DATASET ENTRIES: Begin

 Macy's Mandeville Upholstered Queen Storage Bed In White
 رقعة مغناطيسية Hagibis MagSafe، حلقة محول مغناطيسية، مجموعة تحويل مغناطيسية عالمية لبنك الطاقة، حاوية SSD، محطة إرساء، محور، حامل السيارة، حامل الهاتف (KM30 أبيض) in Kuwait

DATASET ENTRIES: End
DATASET ENTRIES: Begin

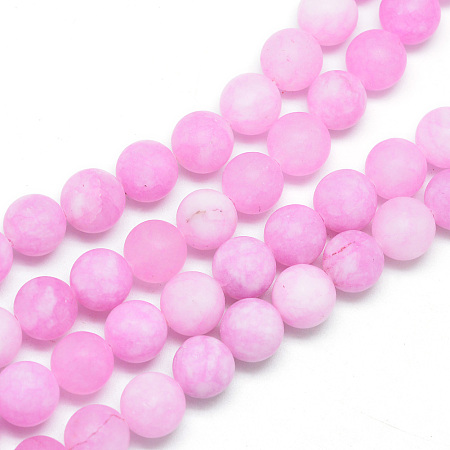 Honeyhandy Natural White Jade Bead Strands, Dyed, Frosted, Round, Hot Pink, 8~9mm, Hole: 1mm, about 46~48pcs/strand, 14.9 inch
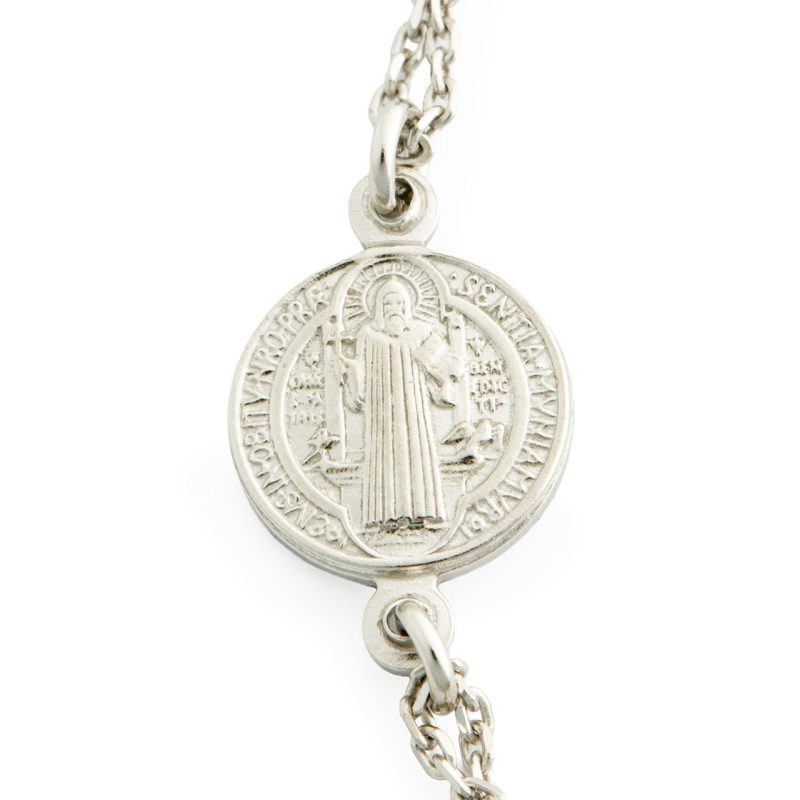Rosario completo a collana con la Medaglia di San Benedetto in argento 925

DATASET ENTRIES: End
DATASET ENTRIES: Begin

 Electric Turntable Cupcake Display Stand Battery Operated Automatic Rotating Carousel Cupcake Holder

DATASET ENTRIES: End

▶ _TASK TO COMPLETE_: From the material above, retype precisely the lines between the line holding "Macy's Mandeville Upholstered" and the line holding "رقعة مغناطيسية Hagibis", inclusive, and nothing beyond them.

▶ _SOLUTION TO THIS PROBLEM_:
 Macy's Mandeville Upholstered Queen Storage Bed In White
 رقعة مغناطيسية Hagibis MagSafe، حلقة محول مغناطيسية، مجموعة تحويل مغناطيسية عالمية لبنك الطاقة، حاوية SSD، محطة إرساء، محور، حامل السيارة، حامل الهاتف (KM30 أبيض) in Kuwait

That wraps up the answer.